1. Field of the Invention
The subject matter disclosed herein relates to optimizing the storing of data and, more specifically, to optimizing the storage of time series data.
2. Brief Description of the Related Art
Data is stored on data storage devices in a variety of different formats. Additionally, various types of data storage devices are used to store data and these data storage devices may vary in cost. In one example, data may be stored according to certain formats on high cost devices such as random access memories (RAMs). In other examples, data may be stored on low cost devices such as on hard disks.
One type of data that is stored on data storage devices is time series data. In one aspect, time series data is obtained by some type of sensor or measurement device and the data is then stored as a function of time. For example, a measurement sensor may take a reading of a parameter at predetermined time intervals, and each of the measurements is stored in a data storage device. Since large amounts of data are typically involved with time series measurements, the storage and retrieval of this data may become inefficient.
In many situations, a system developer develops a data storage plan before the system is actually built. For example, certain types of data may be used or need to be retrieved frequently and this type of data may be stored on high speed, but high cost memory. In other situations, certain data may not need to be accessed very frequently, and can therefore be stored on low speed, low cost devices.
The problem arises that data storage typically becomes inefficient over time. For instance, as data changes, as data access patterns change, or as data storage devices change, the data storage plan initially implemented may become inefficient. Time series data is particularly sensitive to these problems, since large amounts of data are at issue and inefficient data storage patterns have a detrimental effect on system operation.
The embodiments described herein determine how time series data is stored (e.g., based upon metadata or other information describing the assets, characteristics of the analytics to be executed against the data, or other types of information). The embodiments provided herein are automated, allowing the system to periodically adjust the storage decisions automatically without human intervention to optimize the efficient accessibility and utility of the data. These changes may, in some examples, be initiated by changes in either the asset models in use or the detection of changes in the collection of analytics used by data. In one example, the system may choose to store time series data in a variety of patterns or formats, and at a number of different types of storage media to improve storage times, access times or responsiveness based upon metadata and/or analytic requirements.

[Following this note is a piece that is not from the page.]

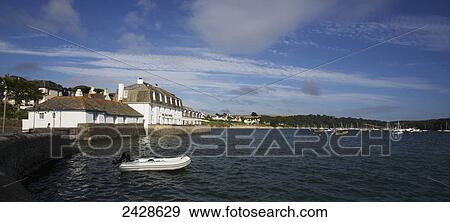 Stock Photo - Boats in the harbour; St. Mawes, Cornwall, England. Fotosearch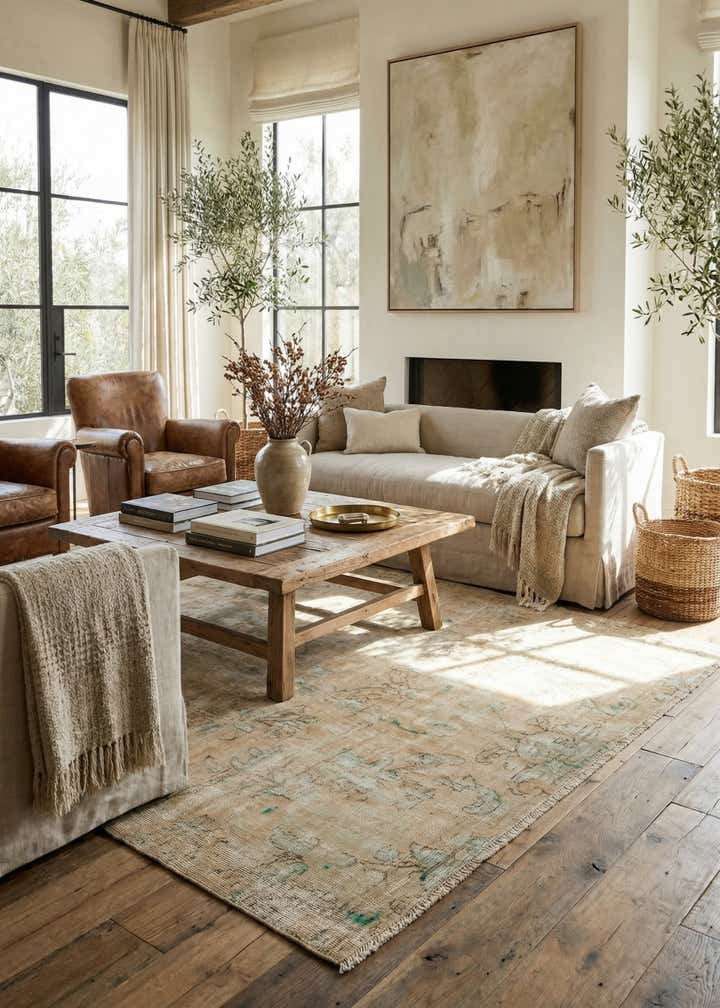 5' x 6' 9 Hand Knotted Ultra Vintage Persian Wool Rug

Embodiments of the present invention evaluate account information stored in both the asset models related to the time series data and metadata related to the known analytics executing in the system. By “asset model” it is meant information that relates the time series data to a physical system. These models assign a structured relationship between time series values referring to a particular measurement or sensor on an asset. This may include information relating to commonalities between assets and the expected frequency of generation for some time series values.

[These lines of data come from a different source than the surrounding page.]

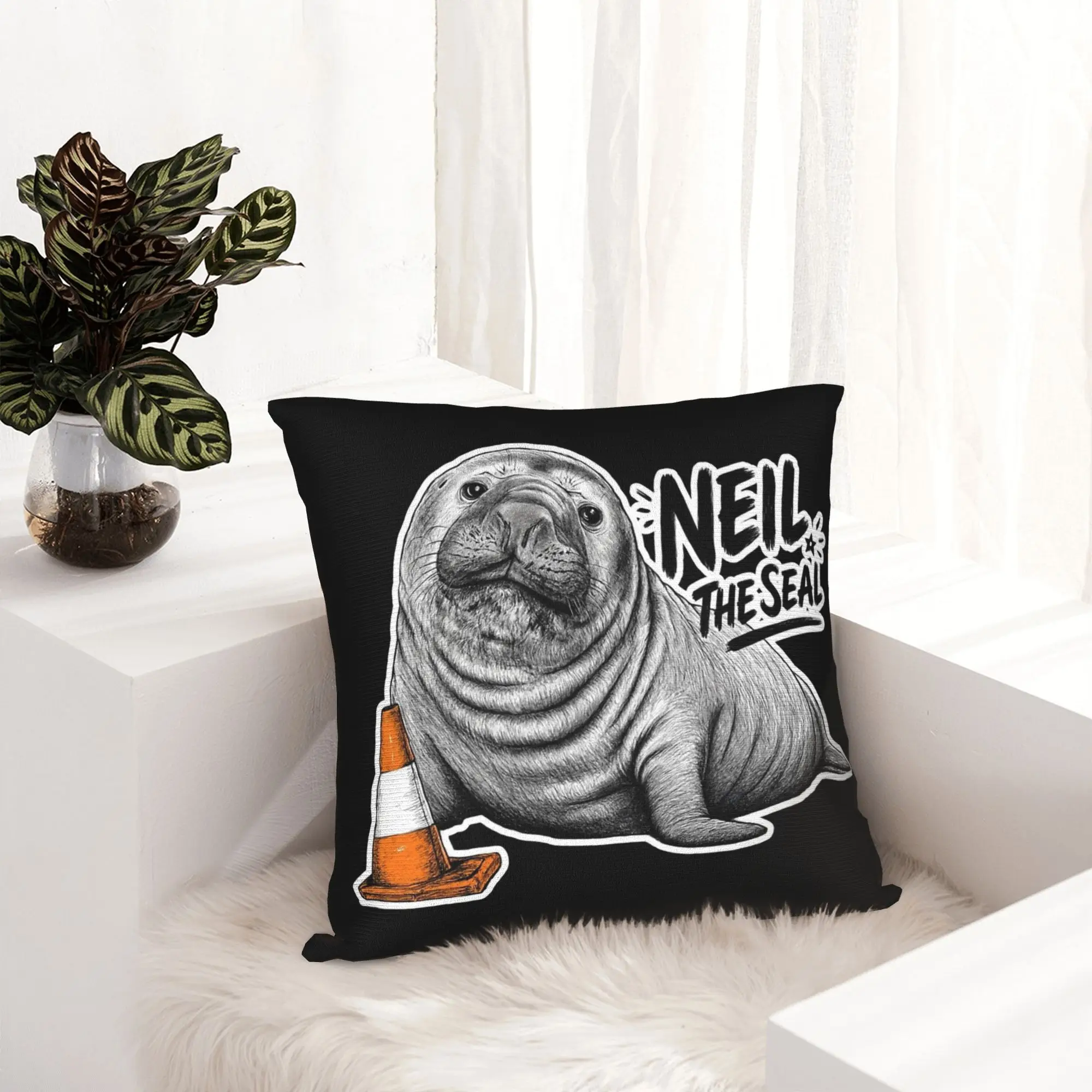 Neil the Seal Cute Australian Wildlife Meme Pillowcase Soft Polyester Cushion Cover Decorations  Pillow Case Cover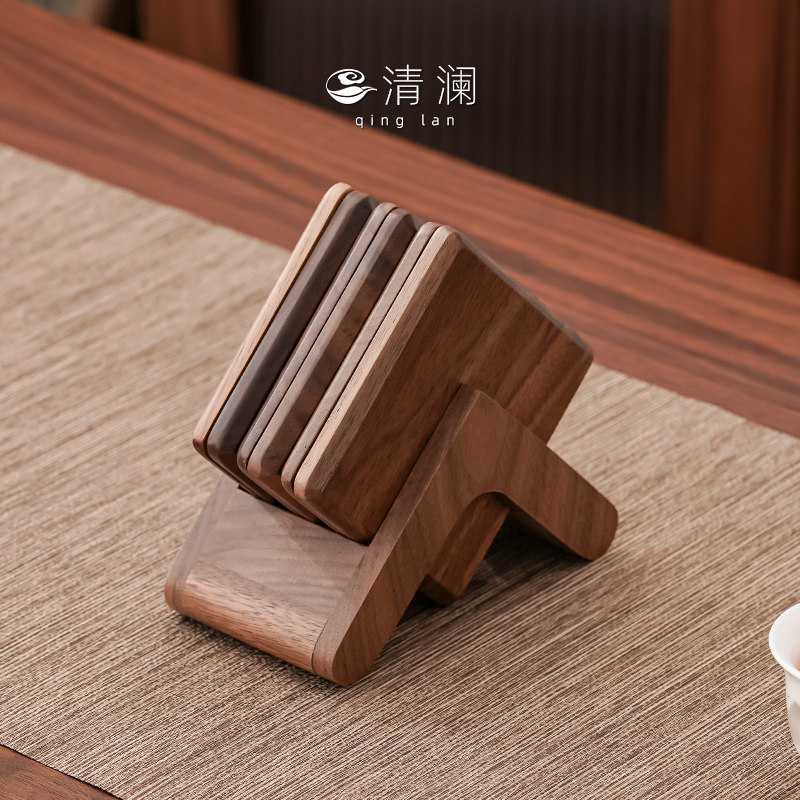 清澜黑胡桃木茶杯垫实木功夫茶具配件新中式茶道杯托茶托隔热垫,餐饮具,茶道/零配,淘宝优惠券,粉丝福利购,淘宝优惠卷
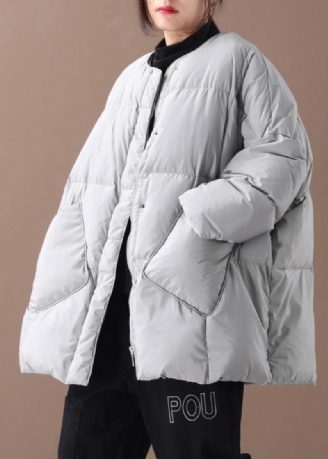 Lässiger Grauer Parka Für Damen Mantel Button-down-mantel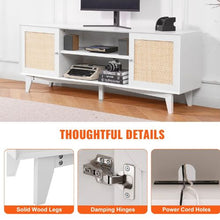 Rattan TV Stand for 75 Inch TV Boho Console with Rattan Doors & Built-in Socket (White)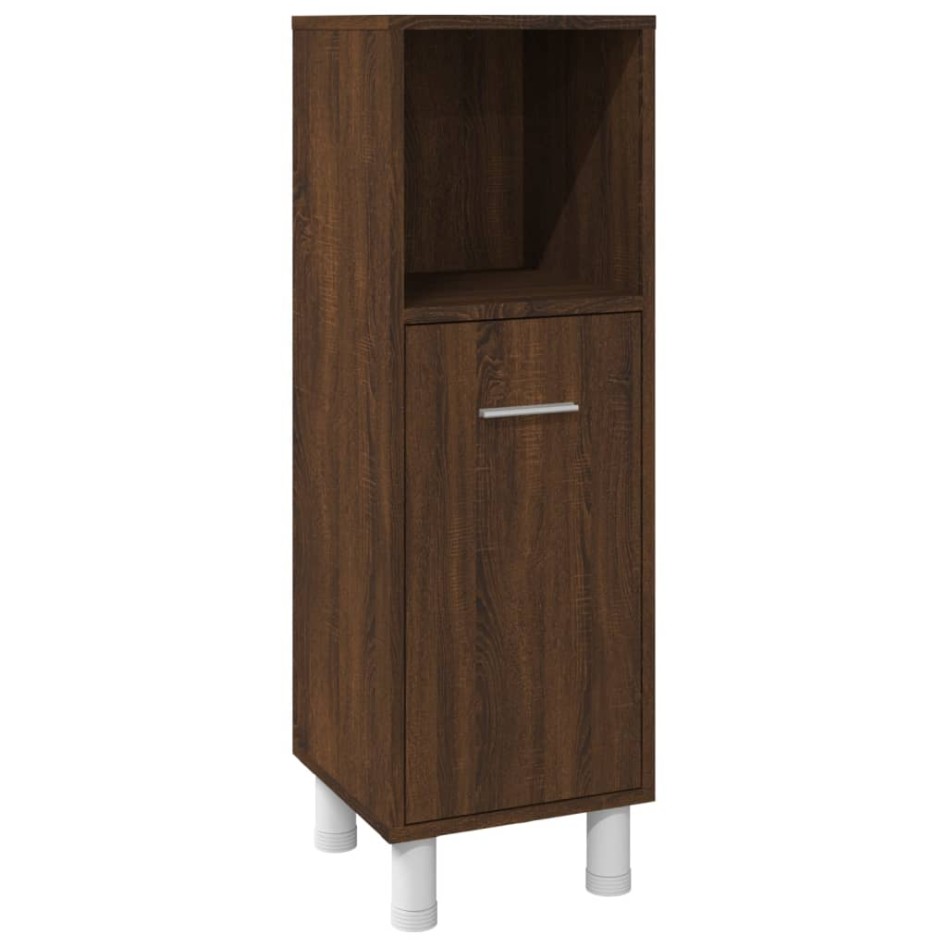 Set de muebles de baño 3 pzas madera contrachapada roble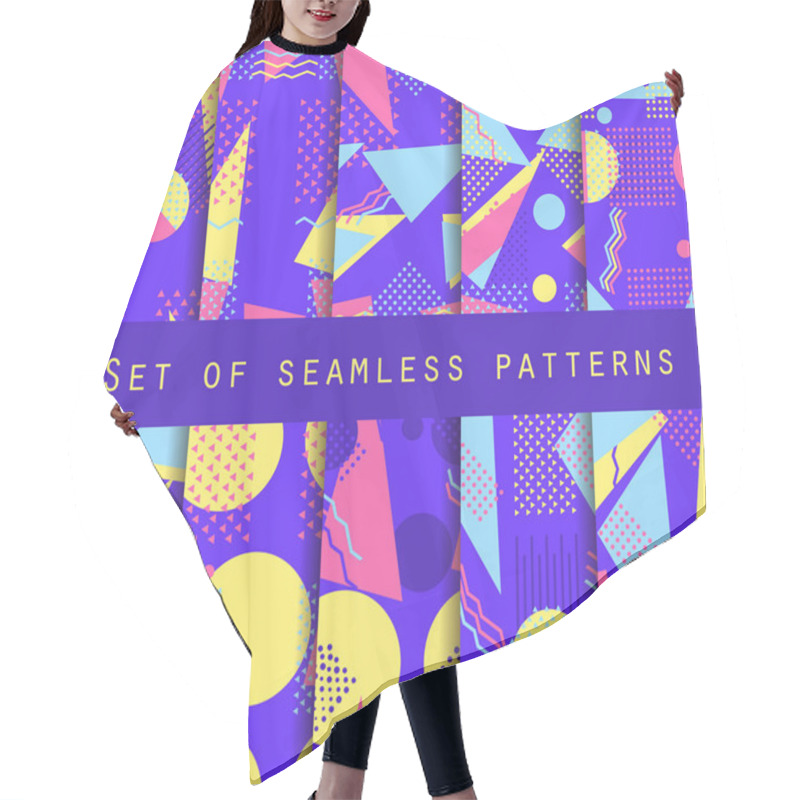 Personality  Memphis Seamless Pattern Set. Geometric Elements Memphis In The Style Of 80's. Vector Illustration Hair Cutting Cape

By “analytics” or “analytic programs” it is meant operations that manipulate or perform calculations on the time series data. Information related to the analytics is also used to determine the storage structure and physical location of the data. Information (e.g., cost and speed information) concerning system hardware can additionally be used to make these decisions.
The automation of these decisions allows the storage decisions to change over time with addition or subtraction of analytic work, the alteration of the asset models, and the changing of hardware parameters, to mention a few examples. These changes are made automatically, thereby altering the data storage decisions on the fly.

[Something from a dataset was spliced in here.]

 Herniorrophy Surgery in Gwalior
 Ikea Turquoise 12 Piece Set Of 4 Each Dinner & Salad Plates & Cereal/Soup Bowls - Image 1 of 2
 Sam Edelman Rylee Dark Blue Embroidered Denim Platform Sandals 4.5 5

In many of these embodiments, characterization information related to time series data is obtained. A data storage rule is defined based upon the characterization information. The rule defines at least one of a location for the storage of the time series data or a format for storage of the time series data. The rule is applied to the time series data and the time series data is stored according to the rule.
In one aspect, the data storage rule is dynamically updated and changed over time according to the characterization information. In other aspects, the characterization information that is used to define the rule may be asset model information, analytic information, or hardware information (e.g., available disk space). Other examples of information can be used to define the rule.
In some aspects, the asset model information relates to an operational characteristic of an asset (such as an assembly line, a robotic controller, or a pumping device to mention a few examples). The analytic information may relate to an identity or other characteristics of one or more analytic programs. The hardware information may relate to one or more characteristics of a data storage device such as a disk drive or random access memory.
In one example, the data storage rule specifies that all data for a predetermined piece of equipment is stored in a single storage location. In other examples, the data storage rule specifies that all sensor data that is used as input by a particular analytic program is stored together. In yet other examples, the data storage rule specifies that low frequency data (i.e., data needed infrequently) is stored in a different location than high frequency data (i.e., data needed frequently). Other examples of data storage rules are possible.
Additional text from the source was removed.